Summary of this case from Giraldo v. United StatesOpinion
CIVIL NO. 3:CV-13-0522
12-18-2013
(Judge Kosik)
MEMORANDUM
Keith Mays, an inmate currently confined at the Federal Correctional Institution at Schuylkill, Pennsylvania, filed the above civil action pursuant to the Federal Tort Claims Act ("FTCA"), 28 U.S.C. 2671, et seq. Mays seeks compensation for the injuries he received when he slipped and fell on a wet floor in the staff dining room at FCI-Schuylkill on July 19, 2012. Presently pending before the court is Defendant's motion to dismiss, or in the alternative for summary judgment. (Doc. 21.) For the reasons that follow, the complaint will be dismissed for lack of subject matter jurisdiction pursuant to Fed.
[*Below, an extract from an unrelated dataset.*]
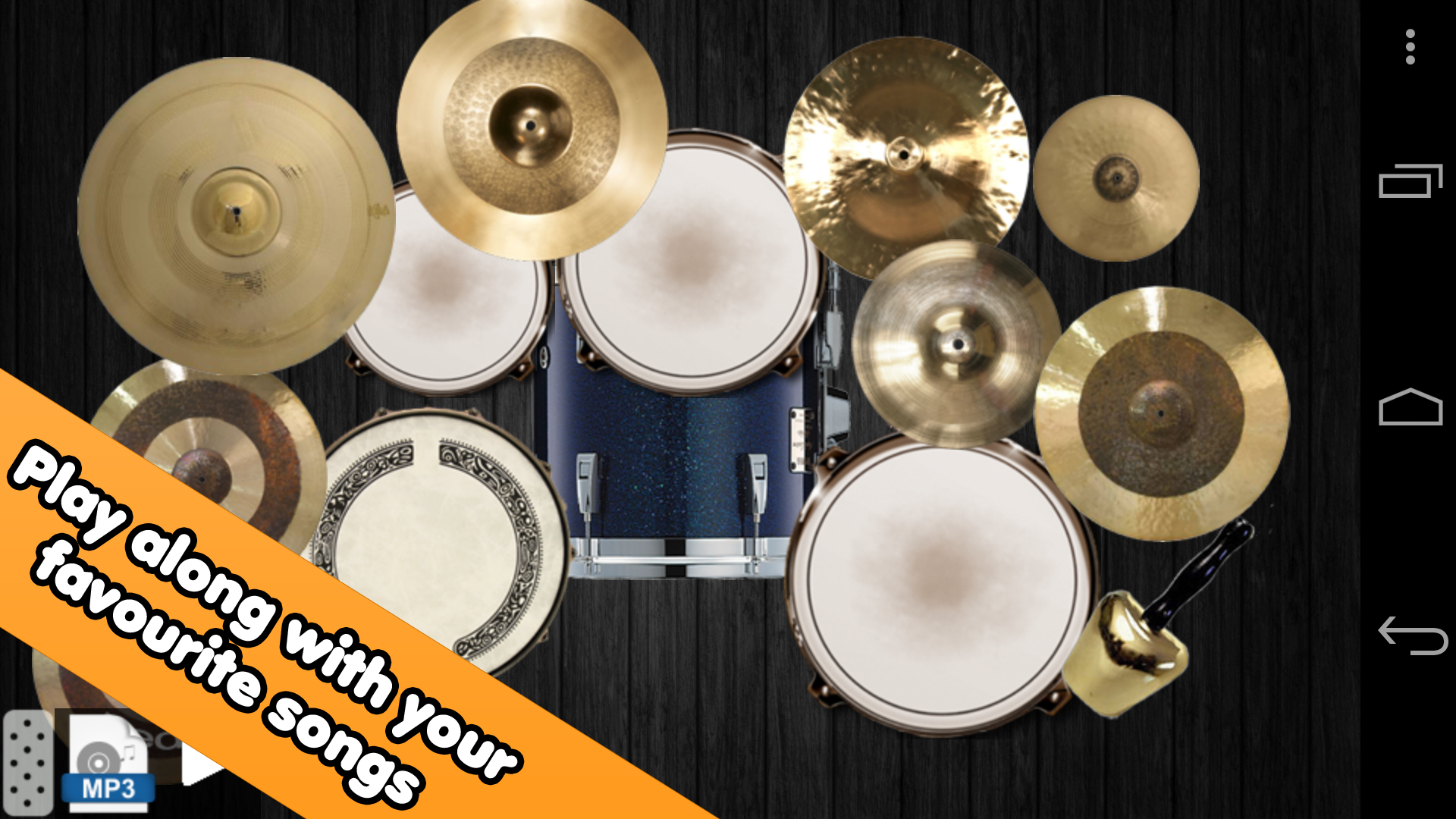 Android application Drum kit screenshort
R. Civ. P. 12(b)(1).
I. Statement of Facts
On or about June 13, 2012, Mays applied for and was accepted into the FCI Schuylkill Culinary Arts vocational training program, which entails 500 hours of both classroom instruction (book work) and live (hands-on) work. (Doc. No. 23, Def.'s SMF, ¶¶ 2, 3.) The live work part of the course includes inmates working in the Officers' Dining Hall at FCI-Schuylkill. (Id. ¶ 4.) Inmates enrolled in this program are paid inmate wages during the entire 500-hour course because they cannot enroll or participate in other courses, programs, or job assignments that conflict with the daily Monday-through-Friday schedule due to the program's curriculum and course objectives. (Id. ¶¶ 5-7.)
On June 13, 2012, Mays was provided the initial job orientation. (Id. ¶ 7.) He reviewed and signed the Classroom Rules and Culinary Ethics Code on July 2, 2012, and the Culinary Arts Memorandum of Notification on July 6, 2012. (Id. ¶ 8.)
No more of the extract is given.